(Dataset records)

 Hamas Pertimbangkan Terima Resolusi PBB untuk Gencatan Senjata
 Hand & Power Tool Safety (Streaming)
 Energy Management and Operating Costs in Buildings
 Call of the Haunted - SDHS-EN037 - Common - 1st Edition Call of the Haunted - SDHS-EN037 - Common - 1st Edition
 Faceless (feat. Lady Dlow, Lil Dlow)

- WHAT YOU SHOULD DO
All the data needs repeating. Return it exactly.

- SOLUTION BELOW
 Hamas Pertimbangkan Terima Resolusi PBB untuk Gencatan Senjata
 Hand & Power Tool Safety (Streaming)
 Energy Management and Operating Costs in Buildings
 Call of the Haunted - SDHS-EN037 - Common - 1st Edition Call of the Haunted - SDHS-EN037 - Common - 1st Edition
 Faceless (feat. Lady Dlow, Lil Dlow)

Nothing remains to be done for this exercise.